Drilling contractors have helped the boom by building fit-for-purpose rigs with enhanced drilling capabilities that reduce operational cycle times and costs. Rigs built for the Bakken are winterized, and most also have skidding capabilities for pad drilling. Better fracturing and completion techniques allow operators to drill longer horizontal laterals to optimally drain the formation without having to drill additional wells.
Unit Drilling Corp owns and operates 122 rigs and is active in virtually all US shale plays, from Haynesville, Barnett and Eagle Ford in Texas to the Woodford, Cana Woodford, and the Mississippi and the Marmaton plays in Oklahoma.
“The interesting thing about the Mississippi and Marmaton plays is that both are targeting shallow formations between 5,000 and 7,000 ft before going horizontal,” said John Cromling, executive vice president for Unit Drilling. “That opens up a new area for another class of rigs, 1,000-hp rigs that are equipped for horizontal drilling.”
Unit Drilling also has rigs contracted in the Niobrara in southwestern Wyoming and is active in the Bakken.
Key rig technologies
“Shale plays have progressed from vertical wells to highly deviated wells to horizontals, and horizontals with long laterals,” Mr Cromling said. “Drilling rigs evolved accordingly.”
He listed five key technologies that helped rigs to successfully drill the various shale plays, and each has helped to reduce operational cycle time and/or improve safety.
First is top drives. Second is larger and higher horsepower mud pumps, “because hydraulics are the key to drilling horizontal wells,” he explained. “The pre-eminent factor for drilling horizontal wells, much more so than the hookload of the derrick or drawworks horsepower, is hydraulic horsepower.”
The third technology is the mud system. “During horizontal drilling with high rates of penetration and with a large volume of solids being removed during the process, a good mud system is necessary to remove the solids,” Mr Cromling explained.

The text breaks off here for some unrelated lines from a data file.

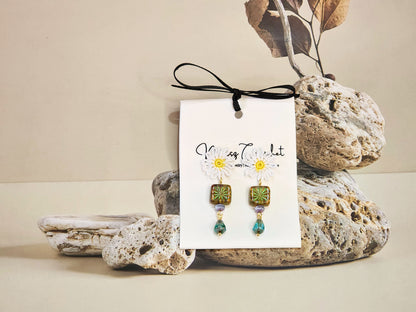 Handcrafted micro-crochet daisies accented with unique vintage Czech glass beads on 18K gold-plated studs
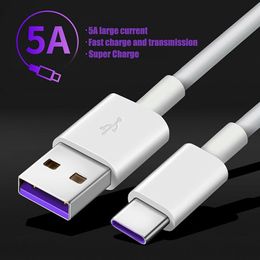 Super Fast Charge USB Type C Cable For Samsung S20 S9 S8 Xiaomi Huawei P30 Pro Mobile Phone Charging Wire White Blcak Cable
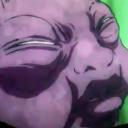 A distorted purple face with squinted eyes and a strained, grimacing expression.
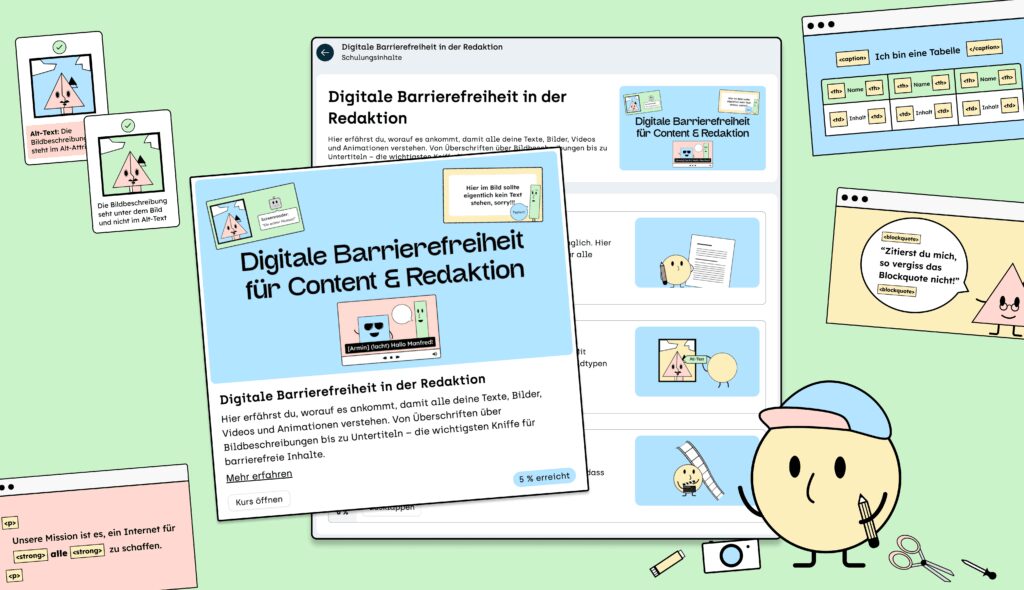 Unser Maskottchen Sam hat einen Stift und eine Kamera in der Hand. Sie erstellt gerade Content in Form von Tabellen, Videos und Texten.
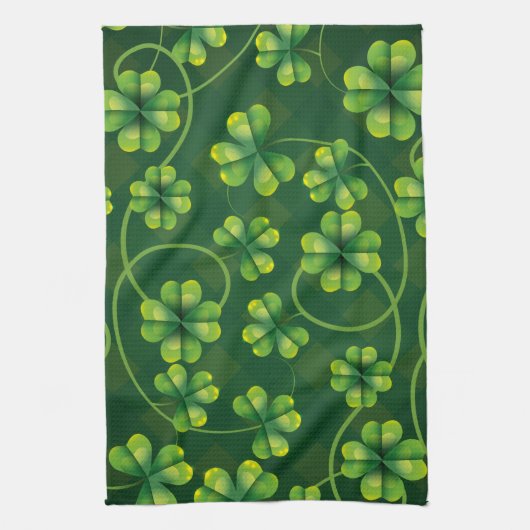 Linge De Cuisine Saint Patrick's Day Shamrock Plaid (Vertical)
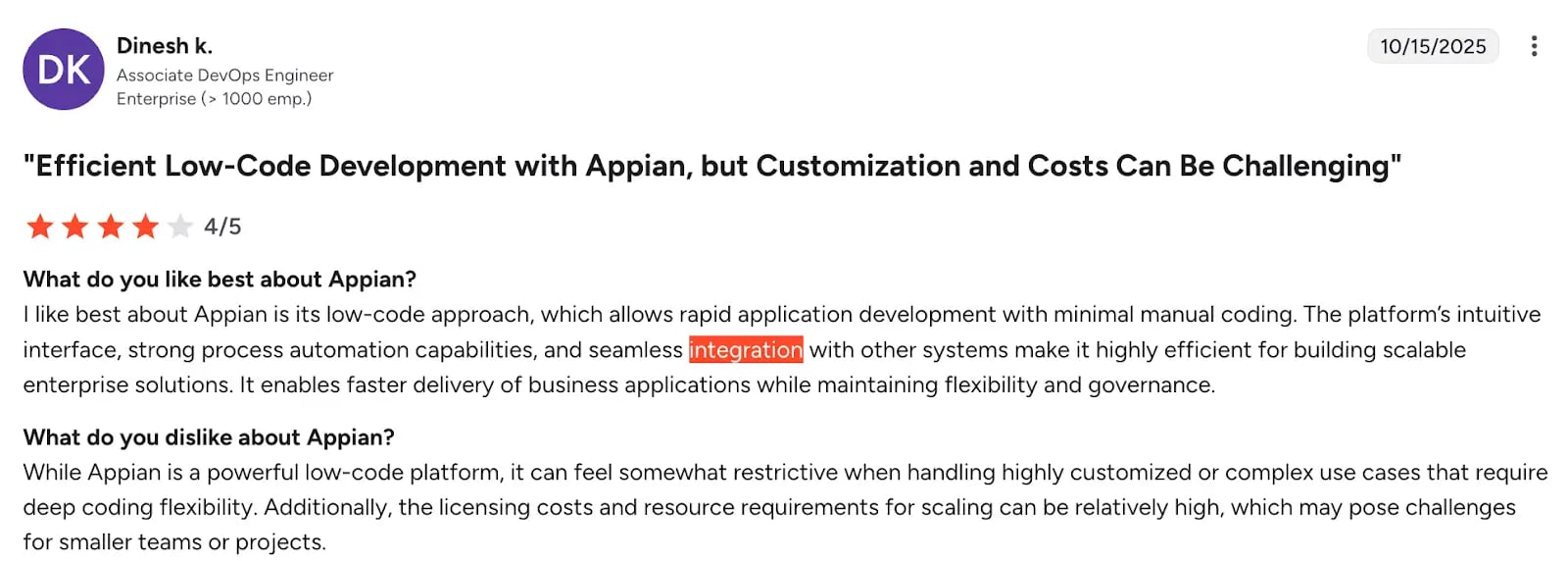 G2 reviw of Appian by Dinesh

Another key area is the drillstring. “We are doing things with drillstrings now that we had been taught for 50 years not to do,” Mr Cromling said. “Pipe in compression, for example, and running heavy-weight pipe instead of drill collars and running it above the drill pipe.”
The fifth technology is skidding systems. “All of the shale plays are in the development process to some extent,” he said. “Most of the rigs in the Barnett shale can skid, and a lot of wells in the Bakken are at the development stage and they are drilled with rigs that can skid over multiple well pads.”
“It could take as little as three hours to prepare for the skidding operation and another three hours to restore the unit for drilling operations, while the actual move is usually less than one hour,” Mr Cromling said.
Other equipment that helps reduce operational cycle time includes a BOP handling system, which is critical for rigs that skid from wellhead to wellhead. The system picks up the BOP in a single unit from one wellhead, suspends it in the rig’s substructure while moving and then lowers it to the next well via hydraulic winches. “All of our skidding rigs have BOP handling systems, and it is a key factor in saving a lot of time in the preparation and restoration of the rig when skidding,” Mr Cromling explained.
Some operators also prefer the hydraulically operated catwalk, not necessarily because it saves time but because it eliminates third-party service and improves safety.
It’s interesting to note that most of Unit Drilling’s rigs do not incorporate cyber chairs with joystick controls. “We have some rigs with joysticks and a lot of rigs that do not,” Mr Cromling said. “Most of our newbuild rigs do not use joystick controls. Some people are convinced that if you don’t have a joystick your rig doesn’t have all of the new technology that is available,” he continued.
“I’m not against them, I just don’t think that is the only solution.”
When asked if using a rig without a joystick is more of an operator preference, Mr Cromling said, “That is more my preference. I think our rigs drill just as fast and efficient” as rigs with joysticks and automatic drilling systems.”
Anadarko Petroleum’s total 2011 capital expenditures are expected to be between $6.2 and $6.6 billion, with about 10% allocated to US shale plays. In the Eagle Ford, the company increased its average estimated ultimate recoveries to more than 450,000 barrels of oil equivalent per existing well. Its 200-plus planned wells for 2011 also signify a doubling of drilling activities from 2010 levels.
In the Marcellus, Anadarko plans to operate 10 rigs and participate in more than 250 wells this year. “The Marcellus will continue to be the only domestic dry natural gas field where the company will be actively drilling due to the play’s proximity to premium natural gas markets that enhance already robust economics,” the company said in a news release.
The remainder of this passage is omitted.